It’s okay to pay for stuff that you could have gotten for free. Sometimes forking over your hard-earned cash is actually the optimal choice! It can save you time and frustration. The people who pay for freely available goods are people who understand the power of cost-benefit analysis. These people are business thinkers who take opportunity costs seriously. They always leverage comparative advantage.
Basically, the reason to pay for free information is the same reason why you might buy a sandwich from the deli instead of making your own. Buying the prepackaged version is easier, more convenient, and often more fun. If you’re low on time but have plenty of money — or at least enough money for the purchase you’re considering — then buying a ready-to-eat sandwich (or an instructional ebook, or a software service, etc) actually makes more sense than spending ten minutes slicing the cheese yourself.
Besides, someone who specializes in making pastrami sandwiches (or researching productivity techniques, or building time-tracking software) is likely better at it than you are. Paying them will not only save you time, it will also get you a better result than trying to roll your own solution.
Here are three things that I personally purchased in the past couple of months that I could have gotten for free:
- $39.95 for an https certificate and installation thereof from A Small Orange.

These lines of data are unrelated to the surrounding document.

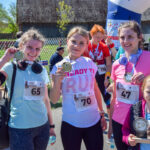 Trzy kobiety z medalami po biegu, w tle zielone drzewa i budynek. Mają stroje sportowe w jasnych kolorach. Uśmiechnięte, podniosły puchary.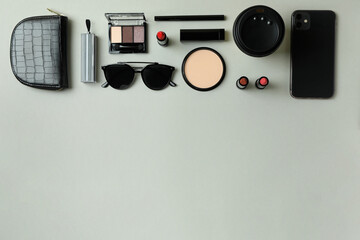 Fototapeta na wymiar Beauty concept with makeup cosmetics on gray background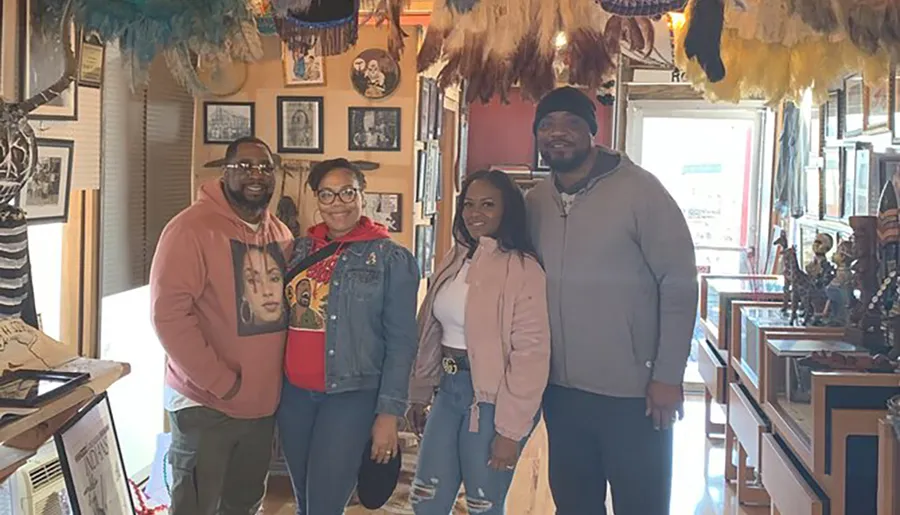 Four people are smiling for a photo inside a room with eclectic decor and artifacts.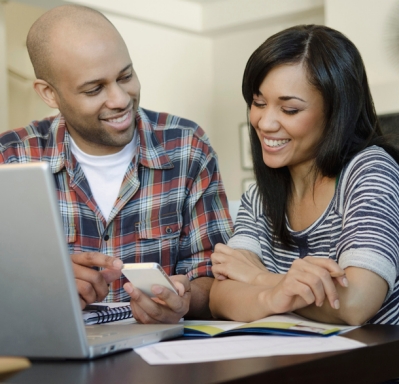 Young couple looking at phone with laptop nearby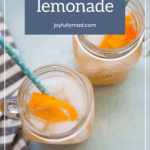 Two mason jars filled with ice, orange lemonade, and orange slices sit beside a striped cloth—perfectly refreshing to pair with turkey lettuce wraps. Each drink is topped with a blue polka dot straw for a playful touch.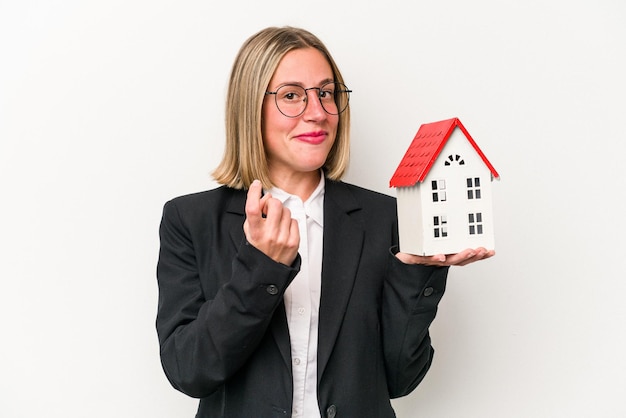 Young business caucasian woman holding a toy house isolated on white background pointing with finger at you as if inviting come closer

I could have spent a few hours figuring out Let’s Encrypt instead.
- $79.98 for tax services from H&R Block. Is it possible to file your taxes without using software like this? Totally. Is it frustrating? Yes, to the extent that I would cry.
- Any and all nonfiction books. The information that I want is out there on the internet, but it would take a lot of time and energy to assemble it into a coherent, readable format. Instead of skimming all of Brian Krebs’ articles about spam, I simply bought his book.
Amy Hoy addressed this phenomenon in a 2013 blog post:
When it comes to services in the professional sphere (as well some consumer goods), people will pay for three advantages:
- more free time / less wasted time
- more intellectual resources / less frustration
- more money / fewer costs
The through-line here is efficiency. People will buy what you’re selling if you can help them get the same inputs to generate better or increased outputs. If you execute well enough, they’ll love you for taking their money!
So, in closing, why pay for free information? Because your time and energy are valuable. You deserve high-quality results.